His first musical, Jekyll and Hyde, is a bodice-ripping, gothic melodrama filled with songs that sound like pop hits. And Wildhorn's shows draw audiences raised on pop music and rock 'n' roll concerts - the kind of audience that Wildhorn investors such as Freddie Gershon are counting on.

"He's producing a minor miracle by bringing in a new theater audience," Gershon says.

"They've been raised in the record business. They've been raised with the world of pop music, where music has become a dominant force in their lives," he says.

His audience also adopted Wildhorn's second production - a comic operatic version of another familiar story - The Scarlet Pimpernel.

And last spring, his latest show, The Civil War, gave Wildhorn three musicals playing on Broadway at the same time. That one didn't last long. Bad reviews and poor ticket sales forced the show to close down after two months.

If Wildhorn's show tunes have a familiar sound, it's probably because he had a very successful first career writing radio-friendly ballads. Not only has he written hits for Whitney Houston, he has penned thousands of songs, hundreds that have been recorded.

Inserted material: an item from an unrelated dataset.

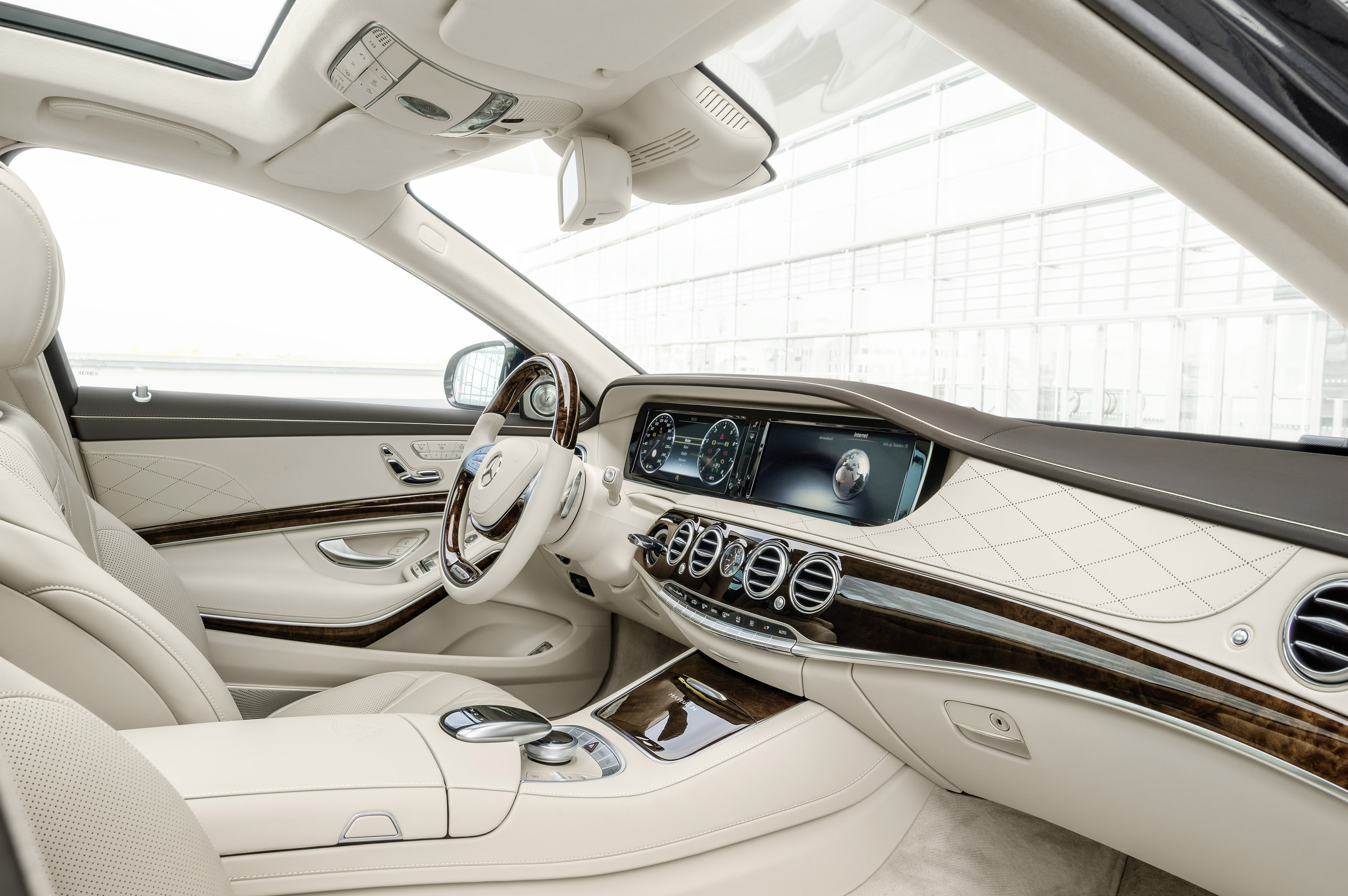 Mercedes-Benz S-Class Maybach photo #45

The catchy tunes and familiar story lines that his fans love are exactly what the critics hate. The New York Times' critic called Jekyll and Hyde "leaden." The New York Magazine critic even scolded the audience for liking the The Civil War.

Newsday's Linda Winer has written some of the most scathing Wildhorn reviews: "Frank Wildhorn writes gallumphing, dunderheaded musicals that make everything by Andrew Lloyd Webber seem like great art."

Winer calls them paint-by-numbers stories punctuated with big tear-your-guts-out popular songs.

"The problem is that the music tends to sound all the same," she says. "They're all climax, after climax, after climax."

"They tend frequently to be dropped into the middle of the show, without really fitting organically into the dramatic material," Winer explains.

Wildhorn says Winer doesn't know what she is talking about. Still, he admits that he wants good reviews.

He spends as many as 12 hours a day at his piano. Of the melodies he comes up with, he says, "They're in me. When I sit at the piano, they're already there. And my job is to find them."

Wildhorn wrote Jekyll and Hyde while at the University of Southern California. He spent the next 11 years finding a theater willing to produce it. Then, when he was searching for a str, a friend gave him a tape of the winner of a Starsearch competition.

He cast that woman, Linda Eder, as the female lead in Jekyll and Hyde. She became his muse, and last year, his wife. When he writes, Wildhorn says, he hears Eder's voice.

But she is more than a muse to him. "She's the one that gets me to slow down," he says.

Wildhorn has a 13-year-old son from a previous marriage. In August, Eder gave birth to the couple's first child.

Despite their love of music Wildhorn and Eder are in many ways opposites. Even as the critics savage him, they rave about her, comparing her voice to Streisand's. He's the driven one, while she's a reluctant diva, who prefers the quiet of their country home.

Eder credits him with believing in her when she was unknown. This confidence kept them touring the country - building an audience for Jekyll and Hyde before arriving in New York.

Still, Jekyll and Hyde ran for three years before it turned a profit on Broadway. The Scarlet Pimpernel has closed and reopened twice, arriving this fall in a smaller theater.

So why do investors, such as Gershon, who gambled $1.5 million, keep backing Wildhorn?

"The key to a musical is not the Broadway experience; it's what happens after Broadway," Gershon says.

"The tour, the foreign licensing, and even more important than that is, Will it be played in a dinner theater, a regional theater, a college or high school production in five years, in 10 years, in 15 years, in 25 years?" he asks.

So the effect of the Wildhorn way, to the dismay of his critics, has been to shrink the stature of Broadway. The Great White Way has been reduced to a steppingstone to another more profitable life.

"Much to everyone's astonishment, all the king's horses and all the king's men can't kill the guy," Winer says. "You know, he keeps bouncing back with more shows!"

So while the theater world is still wondering what to make of his musicals, Wildhorn is at home with Eder coming up with their next show. Havana will be a vehicle for Eder as she plays a big band singer who ends up in a nightclub in Havana in 1948.

After Havana, Wildhorn wants to stage musical versions of Alice in Wonderland, Dracula, and the movie Blade Runner.

"I'm a man of the people," he says. "I'm not a sophisticated theatergoer. I love good melody and good harmony. I want to hum the tunes myself."

"I want to be passionate. And if that's what's happening in the show, that's a great thing," Wildhorn adds.